Data entries
········
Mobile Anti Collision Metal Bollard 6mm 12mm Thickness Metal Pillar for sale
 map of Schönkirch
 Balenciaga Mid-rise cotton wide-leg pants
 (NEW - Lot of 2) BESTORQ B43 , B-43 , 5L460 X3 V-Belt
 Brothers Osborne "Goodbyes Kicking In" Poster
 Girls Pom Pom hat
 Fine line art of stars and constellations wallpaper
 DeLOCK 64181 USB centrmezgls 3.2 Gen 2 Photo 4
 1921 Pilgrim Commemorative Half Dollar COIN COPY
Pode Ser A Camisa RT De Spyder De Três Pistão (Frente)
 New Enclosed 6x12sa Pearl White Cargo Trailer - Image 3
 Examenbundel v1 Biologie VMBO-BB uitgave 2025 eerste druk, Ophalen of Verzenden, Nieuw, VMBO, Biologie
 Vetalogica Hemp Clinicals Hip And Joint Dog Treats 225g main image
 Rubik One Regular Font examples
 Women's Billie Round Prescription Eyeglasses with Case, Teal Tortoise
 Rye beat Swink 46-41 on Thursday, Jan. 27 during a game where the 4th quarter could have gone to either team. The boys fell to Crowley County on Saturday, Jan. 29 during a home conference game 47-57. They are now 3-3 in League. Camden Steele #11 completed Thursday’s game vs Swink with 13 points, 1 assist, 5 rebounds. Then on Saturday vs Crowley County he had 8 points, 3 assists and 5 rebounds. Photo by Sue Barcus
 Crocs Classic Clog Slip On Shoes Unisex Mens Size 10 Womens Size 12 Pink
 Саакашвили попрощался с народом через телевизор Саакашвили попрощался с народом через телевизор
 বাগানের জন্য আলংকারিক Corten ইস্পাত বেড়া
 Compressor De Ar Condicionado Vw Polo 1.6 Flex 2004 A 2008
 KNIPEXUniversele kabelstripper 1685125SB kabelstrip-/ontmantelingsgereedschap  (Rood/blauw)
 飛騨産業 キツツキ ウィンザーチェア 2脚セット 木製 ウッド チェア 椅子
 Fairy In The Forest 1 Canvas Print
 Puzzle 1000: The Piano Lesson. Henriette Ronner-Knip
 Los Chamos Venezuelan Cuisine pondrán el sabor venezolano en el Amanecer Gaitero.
········
What the task requires:
The answer should contain every line of the data, unchanged.

Answer to this problem:
Mobile Anti Collision Metal Bollard 6mm 12mm Thickness Metal Pillar for sale
 map of Schönkirch
 Balenciaga Mid-rise cotton wide-leg pants
 (NEW - Lot of 2) BESTORQ B43 , B-43 , 5L460 X3 V-Belt
 Brothers Osborne "Goodbyes Kicking In" Poster
 Girls Pom Pom hat
 Fine line art of stars and constellations wallpaper
 DeLOCK 64181 USB centrmezgls 3.2 Gen 2 Photo 4
 1921 Pilgrim Commemorative Half Dollar COIN COPY
Pode Ser A Camisa RT De Spyder De Três Pistão (Frente)
 New Enclosed 6x12sa Pearl White Cargo Trailer - Image 3
 Examenbundel v1 Biologie VMBO-BB uitgave 2025 eerste druk, Ophalen of Verzenden, Nieuw, VMBO, Biologie
 Vetalogica Hemp Clinicals Hip And Joint Dog Treats 225g main image
 Rubik One Regular Font examples
 Women's Billie Round Prescription Eyeglasses with Case, Teal Tortoise
 Rye beat Swink 46-41 on Thursday, Jan. 27 during a game where the 4th quarter could have gone to either team. The boys fell to Crowley County on Saturday, Jan. 29 during a home conference game 47-57. They are now 3-3 in League. Camden Steele #11 completed Thursday’s game vs Swink with 13 points, 1 assist, 5 rebounds. Then on Saturday vs Crowley County he had 8 points, 3 assists and 5 rebounds. Photo by Sue Barcus
 Crocs Classic Clog Slip On Shoes Unisex Mens Size 10 Womens Size 12 Pink
 Саакашвили попрощался с народом через телевизор Саакашвили попрощался с народом через телевизор
 বাগানের জন্য আলংকারিক Corten ইস্পাত বেড়া
 Compressor De Ar Condicionado Vw Polo 1.6 Flex 2004 A 2008
 KNIPEXUniversele kabelstripper 1685125SB kabelstrip-/ontmantelingsgereedschap  (Rood/blauw)
 飛騨産業 キツツキ ウィンザーチェア 2脚セット 木製 ウッド チェア 椅子
 Fairy In The Forest 1 Canvas Print
 Puzzle 1000: The Piano Lesson. Henriette Ronner-Knip
 Los Chamos Venezuelan Cuisine pondrán el sabor venezolano en el Amanecer Gaitero.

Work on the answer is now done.